[THE DATA — start]
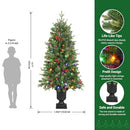 Alupssuc 4ft Prelit Artificial Christmas Tree Set of 2 B0DCBDVTV9 - Green - Like New
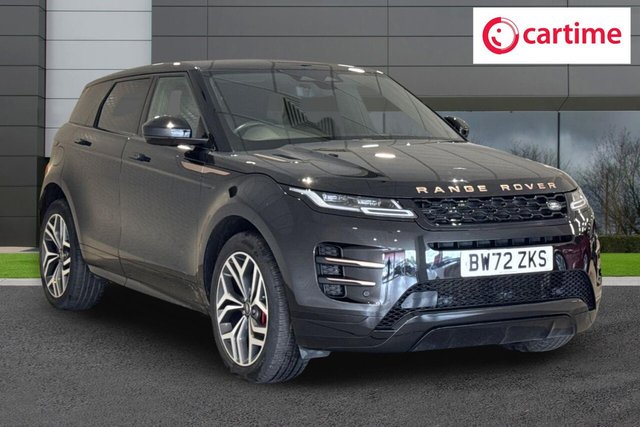 View our Land Rover Range Rover Evoque 1.5 P300e 12.2kWh Autobiography SUV 5dr Petrol Plug-in Hybrid Auto 4WD Euro 6 (s/s) (309 ps) Panoramic Roof, Rear View Camera, Front / Rear Parking Aid, Heated Steering Wheel, Touchscreen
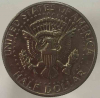 50 центов 1971г.  б/б.  D.  США. Кеннеди, из ролла. - Мир монет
[THE DATA — finish]
→ YOUR OBJECTIVE
Pictures in the listing above must be skipped; everything else should be copied exactly.

→ OUTPUT OF THE EXERCISE
 Alupssuc 4ft Prelit Artificial Christmas Tree Set of 2 B0DCBDVTV9 - Green - Like New
 View our Land Rover Range Rover Evoque 1.5 P300e 12.2kWh Autobiography SUV 5dr Petrol Plug-in Hybrid Auto 4WD Euro 6 (s/s) (309 ps) Panoramic Roof, Rear View Camera, Front / Rear Parking Aid, Heated Steering Wheel, Touchscreen
 50 центов 1971г.  б/б.  D.  США. Кеннеди, из ролла. - Мир монет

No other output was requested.